Maintain all records required to be maintained by the Fund under the USA PATRIOT Act in connection with the performance of the Transfer Agent's duties hereunder.
Benefit Plans
Throughout the term of this Agreement, the Transfer Agent will, through an entity selected and approved by the Fund, arrange for the custodianship of IRA and Xxxxx plans sponsored by Dreyfus for an annual fee payable by the beneficial owner/participant of $10.00 per account, with a maximum fee of $25.00 per participant. In the event an account is closed prior to the assessment of the annual fee, the annual fee will be assessed at the time the account is closed.
C(1)-16
APPENDIX C(2)
SOFTWARE ENHANCEMENTS AND FEES
The Fund may request enhancements to be made or functionality to support new products be developed within the software system utilized by the Transfer Agent.
Dreyfus-Dedicated Software Staff
The Transfer Agent will provide, at no additional cost to the Fund, a programming staff dedicated only to the completion of Dreyfus programming requests. The staff level shall be maintained at a ratio of one programmer/analyst for each 200,000 shareholder accounts within the Dreyfus-affiliated funds, and shall therefore be adjusted up and down, no less frequently than semi-annually, to maintain such ratio.

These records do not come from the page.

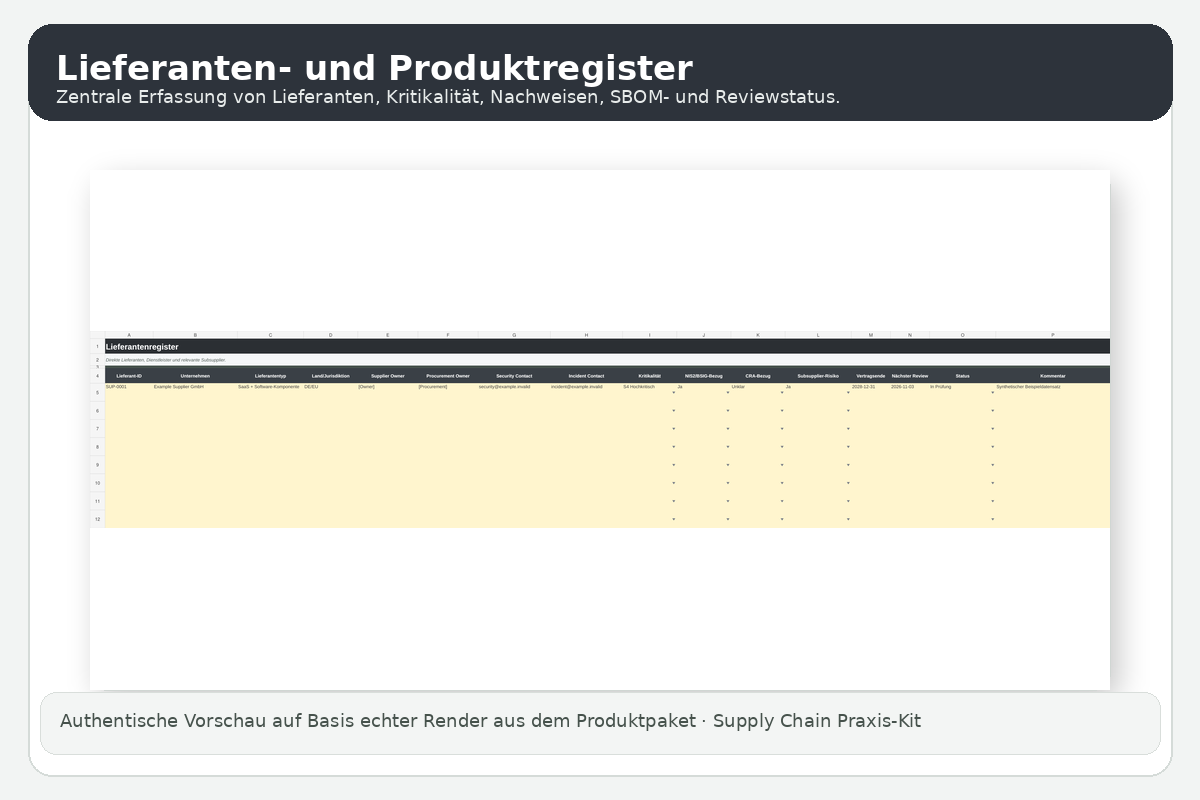 Lieferanten- und Produktregister – authentische Vorschau aus dem Supply Chain Praxis-Kit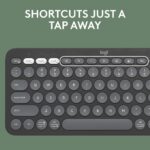 Logitech Pebble Keys 2 K380s, Multi-Device Bluetooth Wireless Keyboard with Customisable Shortcuts, Slim and Portable, Easy-Switch for Windows, macOS, iPadOS, Android, Chrome OS, ARA Layout - Graphite - Image 2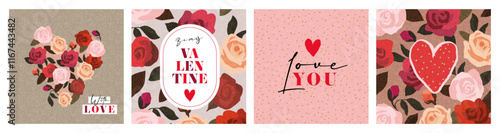 Creative concept of Happy Valentines Day cards set. Modern art design with roses, hearts and modern typography. Templates for celebration, ads, branding, banner, cover, label, poster in trendy brown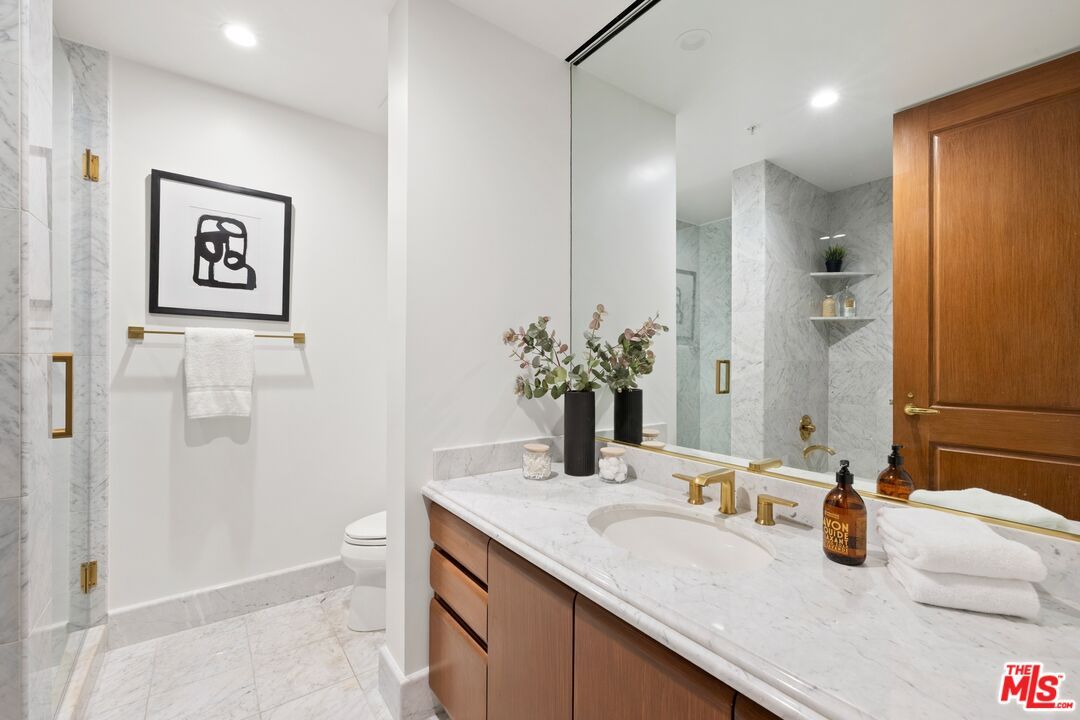 Bathroom, Glass Shower, Interior, Marble, Marble Walls, Recessed Lighting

The Dreyfus-dedicated software staff will be managed by the Transfer Agent and is expected to conform to the Transfer Agent's programming and documentation standards. The Transfer Agent will provide a dedicated staff whose personnel will at all times have an average of at least five years data processing applications software experience, of which at least three years shall be developing data processing applications software with respect to mutual fund transfer agency activities. In addition, at no time will 25% or more of the staff have less than two years experience developing data processing applications software for mutual fund transfer agency activities. With regard to priorities, the staff will be directed at the sole discretion of Xxxxxxx to address those software requests which Xxxxxxx sees fit.
Should the Transfer Agent determine that the programming requirements of the Fund or the Dreyfus-affiliated funds require programming resources in addition to those provided by the Dreyfus-dedicated software staff, the Fund shall pay for as many additional programmers as may be necessary, not to exceed the number required to bring the total of the Dreyfus-dedicated software staff and additional programmers to ten, billed at the following rates and allocated to the Funds pro rata based on number of accounts:
Up to four (4) additional programmers: | Discounted rate of $110,000/year per | |
programmer | ||
Additional programmers in excess of four (4): | $163,000/year per programmer or $130/hour |
These rates may be changed in January each year in an amount equal to the change in the programmer’s salary, except that the annual increase for the programmers billed at the discounted rate will not exceed 3% per year.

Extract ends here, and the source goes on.